> _Exercise directions_: Below are some records. Print exactly the lines between the one holding "NWT Geox Leather" and the one holding "Мужской костюм с шортами / Котики.", inclusive, and nothing else.

Caption-style text data

"""

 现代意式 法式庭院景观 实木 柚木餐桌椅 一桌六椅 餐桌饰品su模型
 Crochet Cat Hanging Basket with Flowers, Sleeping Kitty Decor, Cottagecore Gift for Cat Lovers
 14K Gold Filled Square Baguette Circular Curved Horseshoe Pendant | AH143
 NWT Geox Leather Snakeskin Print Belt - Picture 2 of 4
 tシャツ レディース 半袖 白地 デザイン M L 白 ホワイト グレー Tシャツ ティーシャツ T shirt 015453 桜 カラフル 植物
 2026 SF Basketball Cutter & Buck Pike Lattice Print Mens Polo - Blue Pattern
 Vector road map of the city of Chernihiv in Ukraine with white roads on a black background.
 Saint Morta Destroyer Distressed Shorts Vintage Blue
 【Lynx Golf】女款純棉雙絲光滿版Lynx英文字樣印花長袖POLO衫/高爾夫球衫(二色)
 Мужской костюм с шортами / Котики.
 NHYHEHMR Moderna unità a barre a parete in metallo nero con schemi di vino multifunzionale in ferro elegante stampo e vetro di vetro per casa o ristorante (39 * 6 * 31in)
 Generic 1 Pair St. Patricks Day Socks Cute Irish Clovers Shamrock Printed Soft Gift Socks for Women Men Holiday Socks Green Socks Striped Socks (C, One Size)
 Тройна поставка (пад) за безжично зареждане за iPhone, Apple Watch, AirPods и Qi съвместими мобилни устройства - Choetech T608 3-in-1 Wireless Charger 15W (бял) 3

"""

> _Result_:
 NWT Geox Leather Snakeskin Print Belt - Picture 2 of 4
 tシャツ レディース 半袖 白地 デザイン M L 白 ホワイト グレー Tシャツ ティーシャツ T shirt 015453 桜 カラフル 植物
 2026 SF Basketball Cutter & Buck Pike Lattice Print Mens Polo - Blue Pattern
 Vector road map of the city of Chernihiv in Ukraine with white roads on a black background.
 Saint Morta Destroyer Distressed Shorts Vintage Blue
 【Lynx Golf】女款純棉雙絲光滿版Lynx英文字樣印花長袖POLO衫/高爾夫球衫(二色)
 Мужской костюм с шортами / Котики.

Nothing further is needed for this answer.